*SOURCE DATA*
__________

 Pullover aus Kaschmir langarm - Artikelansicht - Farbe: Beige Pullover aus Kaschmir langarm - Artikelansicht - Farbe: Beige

__________

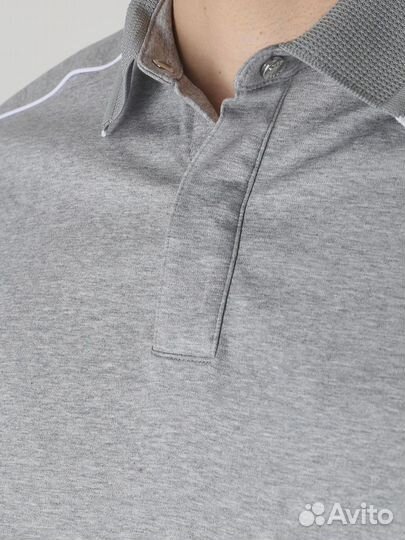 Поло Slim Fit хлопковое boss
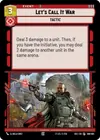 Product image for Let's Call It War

__________

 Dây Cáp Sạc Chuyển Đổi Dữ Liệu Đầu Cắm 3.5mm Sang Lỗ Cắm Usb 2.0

__________

*EXERCISE DIRECTIONS*
Look above for the line with "Поло Slim Fit хлопковое boss" and the line with "Product image for Let's Call It War"; set down those two lines and all lines between them exactly, without pictures and without anything else.

*THE COMPLETED TASK*
 Поло Slim Fit хлопковое boss
 Product image for Let's Call It War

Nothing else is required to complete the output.